• [RECORDS PROVIDED]
☆ ☆ ☆ ☆ ☆

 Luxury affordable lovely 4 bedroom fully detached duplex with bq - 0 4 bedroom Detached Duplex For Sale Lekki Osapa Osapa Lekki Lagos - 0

☆ ☆ ☆ ☆ ☆

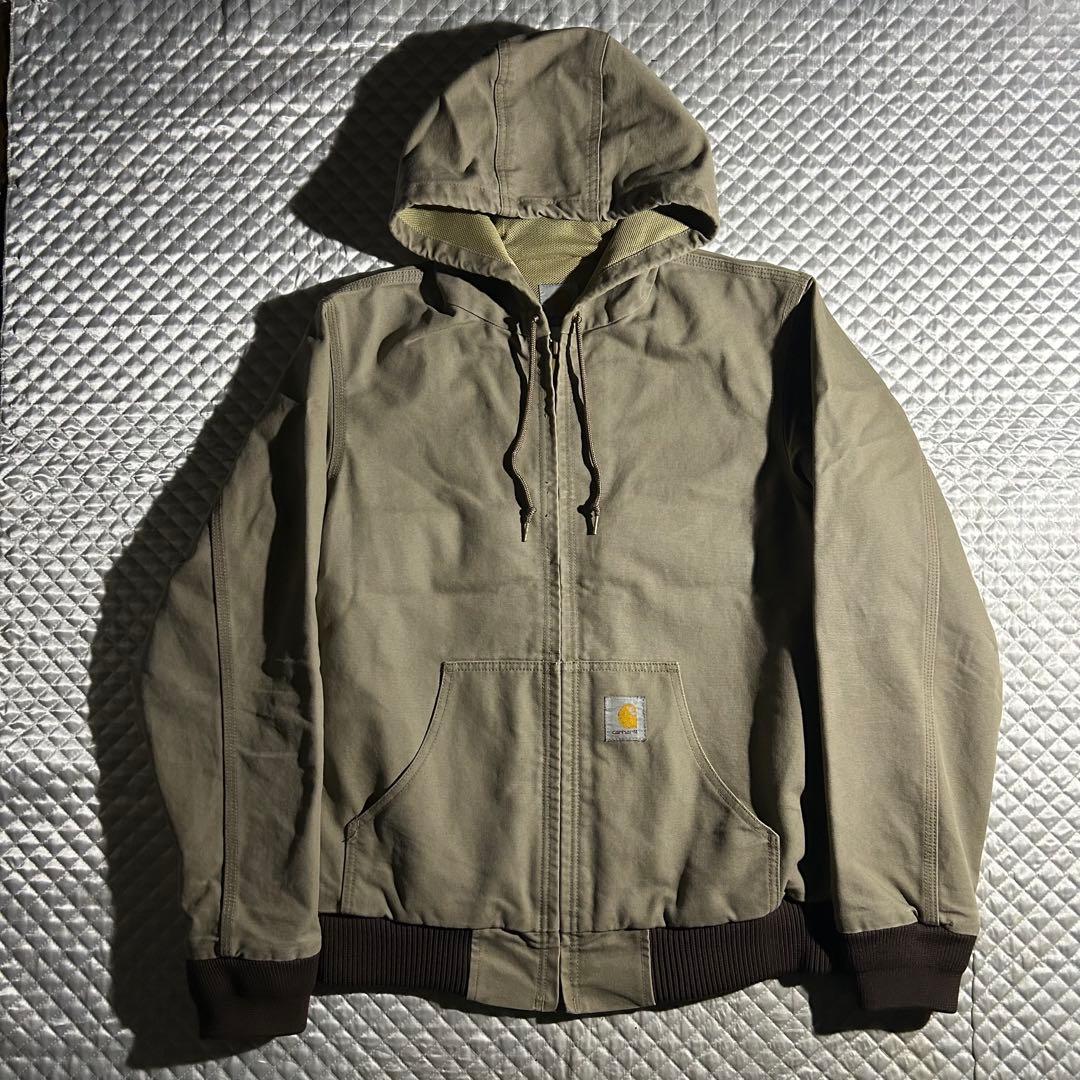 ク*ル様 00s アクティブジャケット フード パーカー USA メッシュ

☆ ☆ ☆ ☆ ☆

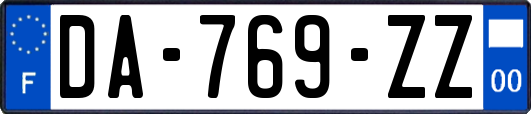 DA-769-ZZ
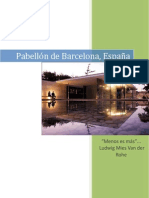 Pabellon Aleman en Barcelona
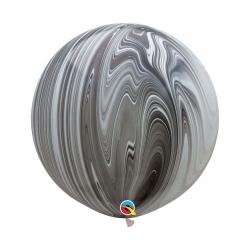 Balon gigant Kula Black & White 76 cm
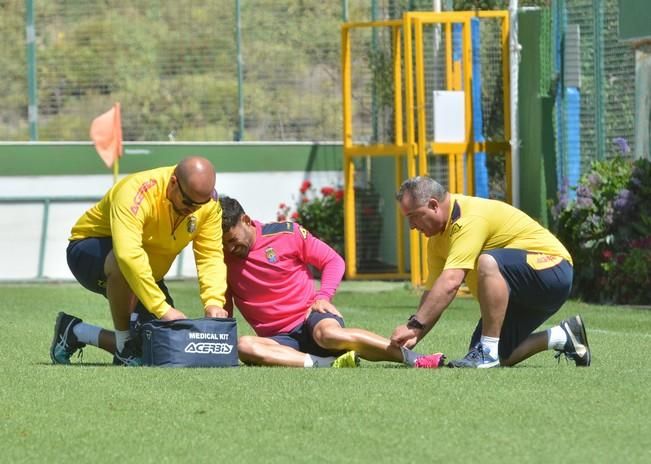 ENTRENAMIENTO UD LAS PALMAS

☆ ☆ ☆ ☆ ☆

• [EXERCISE AIM] All lines above starting at the one with "Balon gigant Kula Black & White 76 cm" and ending at the one with "ENTRENAMIENTO UD LAS PALMAS", inclusive, are to be printed again exactly, with the pictures left out.

• [SOLUTION TO THIS PROBLEM]
 Balon gigant Kula Black & White 76 cm
 ENTRENAMIENTO UD LAS PALMAS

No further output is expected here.